DirectX 12: The future of it within the console gaming space (specifically the XB1)

Doing some math will indicate that @ 853 Mhz at 12 CUs, the required bandwidth to remove the bandwidth bottleneck for CUs will be approximately ~240 GB/s. This happens to be approximately the total complete bandwidth of Xbox One (192 GB/s + 67GB/s). When looking at PS4 we have a max theoretical of 176GB/s, and as such, bandwidth will become a bottleneck for all 18CUs.
.

- eSRAM max theoretical speed is not 192 GB/s!

ESRAM is capable of simultaneous reading and writing. But at every 8 cycles it can only do one of them (either reading or writing)
This allows for 15 cycles read+write+1 cycle either reading or writing.

On a 1024 bits wide bus we get: 1024*856~=109 GB/s. This is a guaranteed theoretical bandwidth on the eSRAM.

But theoretically we can double this on every 15 out of 16 cycles.

109*2*15/16~=204 GB/s. This is the max theoretical speed of eSRAM. Not 192 GB/s.

Real life scenarios achieved so far a maximum of 141 GB/s. And this on very specific calculations. (alpha transparency blending operations (FP16 x4))

192 GB/s, with real life scenarios speeds of 133 GB/s were values before the overclock.


- 700 GB/s seems a theoretical scenario that covers all cases. I should assume this would include heavy texture streaming too. How do you plan on get 204+68 GB/s on the Xbox One with only 32 MBytes of fast RAM? Main memory is only 68 GB/s so no data contained on it can be read at faster speeds! And it´s 8 GB of it!


- I just had a very, very, very fast look at the document you linked. And in page 4, as you state, they do refer 700 GB/s is the speed they would require for no bottlenecks.

Since I had a quick look, I might have saw it wrong, but that point seems to refer to a baseline heterogeneous system as shown on the document Figure 1.

And Figure 1 show a GPU accessing the RAM on a non coherent bus. Not the PS4 case!

Then all the document seems to go on to speak about the advantages of heterogeneous system coherence (like in the PS4 case).

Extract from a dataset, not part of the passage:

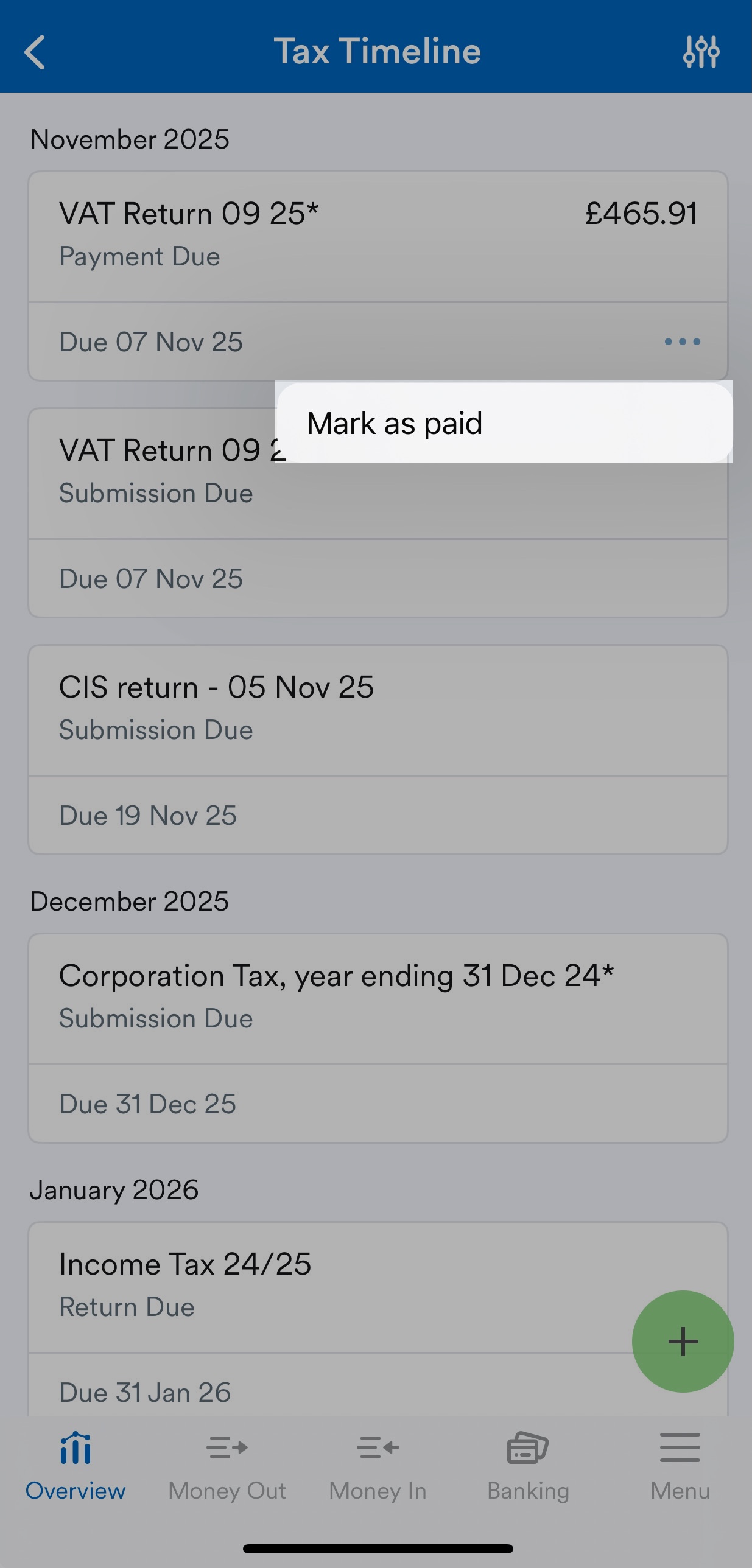 'Mark as paid' button for Due Corporation tax on Tax Timeline screen.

The conclusion states that this kind of system not only gets performance enhancements, but also a bandwidth reduction of 95 to 99% to the directory.

PS4 has full heterogeneous system coherence. On the other hand, as far as I know, the Xbox One CPU cannot access the ESRAM.

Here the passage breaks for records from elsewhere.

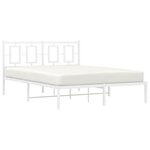 vidaXL Cadre de lit métal sans matelas et tête de lit blanc 135x190 cm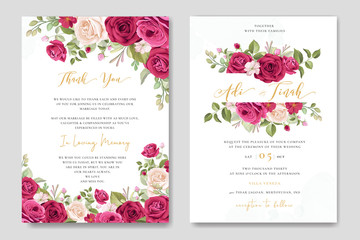 floral wedding card with beautiful roses frame template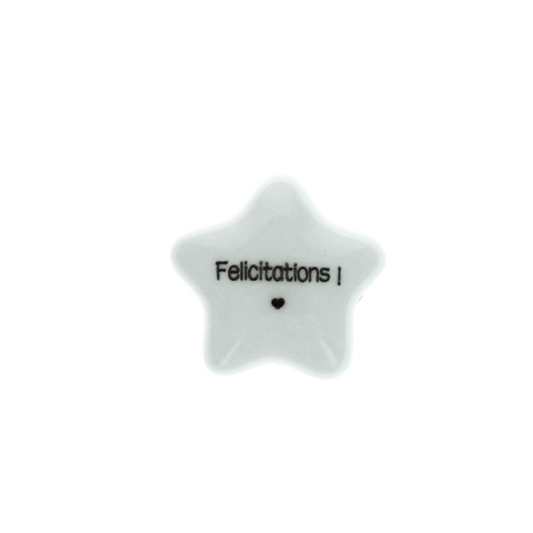 Étoile en céramique "Félicitations" Atelier jasmin
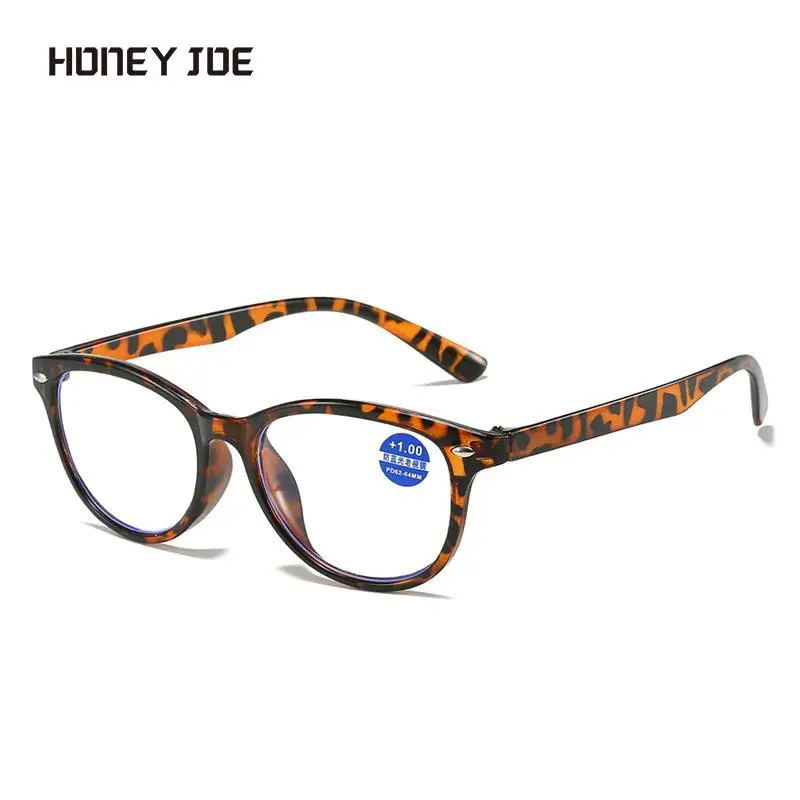 

Anti Blue Light Reading Glasses Women Men Comfortable Spring Hinge Leg Round Magnifier Diopter Presbyopic Glasses Classic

So, it seems to me, that the document you refer points that the PS4 is better suited than Xbox One. And not the other way around!

Please feel free to correct me. I just had an extremely fast look at the document.
 
I explained myself wrong... ESRAM can do 7 cycles read+write and 1 cicle either reading or writing.

So we have 7*2+1*1 = 15 operations (not cycles) on 16 possible.
 
IIRC ESRAM it's 7/8 cycles can read/write simultaneously. On the 8th cycle it must do nothing. It can do 8 reads in a row or 8 writes but doing both it must rest on the 8th cycle. That is how 192 is obtained.

As for the article yes it is about full heterogenous systems, the article is about shifting bottlenecks which in this case the requirement of bandwidth required to no longer be the bottleneck (for 32 CUs). 700GB/s was the amount that they found.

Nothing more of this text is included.